Recently, my wife started singing again. And since I got into photography again, she gets me into situations where I can get some great photos. Now, concert or stage photography was never my specialty, although I did it a bit when she sang in a band in the late 1980’s. But music, especially rock music, has been part of my existence since following Black Sabbath in 1970. So recently, I found my self and my camera at The Downtown Cafe in Red Bank, NJ for Rock ‘n’ Roll Karaoke. This is different from traditional karaoke- you know, cheesy electronically created music with no vocals. Some poor slob who thinks they can sing reading the words they don’t know off of a video monitor they can’t see because they drank three shots to get up the courage…
Rock ‘n’ Roll Karaoke is live. The band is great. The vast majority of people who try it can actually sing. And the lyrics? Yes, they have a big book on a music stand with all the lyrics. But unless it’s the singer’s first time or they’re nervous, most don’t even look at them.

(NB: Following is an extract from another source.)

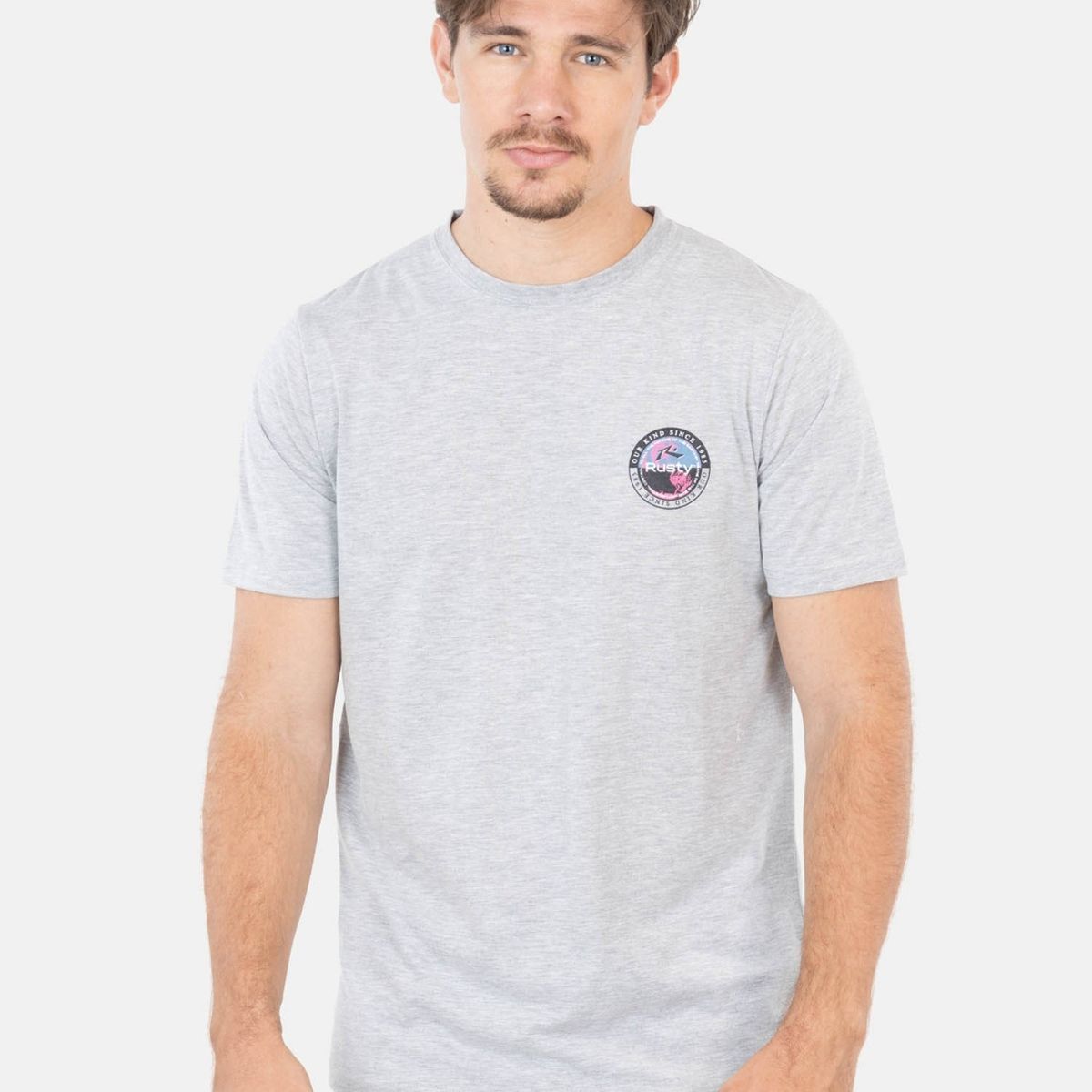 RUSTY - Polera Universal Control Gris Hombre Rusty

No, this is open mic night with the band. And the singers are great.
So, when someone gets up in front of your camera lens, and you begin having flashbacks to 1975 and reading articles about Led Zeppelin and Robert Plant in Circus Magazine as a kid (especially when this person is actually singing Zeppelin at the time!) – you start to feel good about where the pictures are going that night.
As Gil began to get into his performance, I found someone before my camera who looked like he didn’t care about the rest of the world – and for a few moments, maybe didn’t know the rest of the world was even there. On top of that, the stage lights were just right and I had the right lens on the camera (a simple 50mm f/1.8).
But, he was still having fun, as you can see. (Zeppelin is always a crowd pleaser.) I was close- but I didn’t yet have The Decisive Moment. But, as the song progressed, I knew it would come.
And with a final drum kick and power cord, I finally had it… The Decisive Moment…
These images were all shot on a Nikon D5000, 50mm f/1.8 lens, ISO 3200, 1/40 or 50 sec @ f/1.8 or f/2.8. The lens flare in the last image was a bonus.
Thanks Gil for a great performance and a great moment in time!